Data shown:

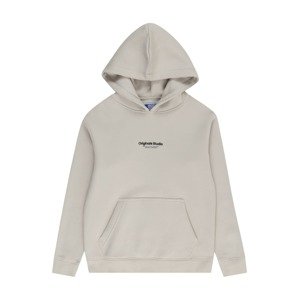 Jack & Jones Junior Mikina 'JORVESTERBRO'  tmelová / čierna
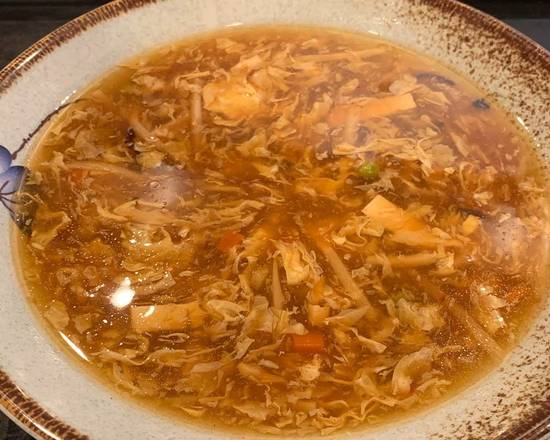 Order Hot N Sour Soup (Small) food online from Asian Bistro Cedar City store, Cedar City on bringmethat.com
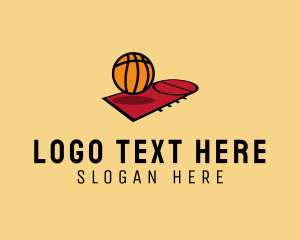 Sports Basketball Court   logo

About this task:
Nothing but the lines from the one holding "Order Hot N" through the last line of the listing should appear in the answer, copied exactly and without pictures.

Response box:
 Order Hot N Sour Soup (Small) food online from Asian Bistro Cedar City store, Cedar City on bringmethat.com
 Sports Basketball Court   logo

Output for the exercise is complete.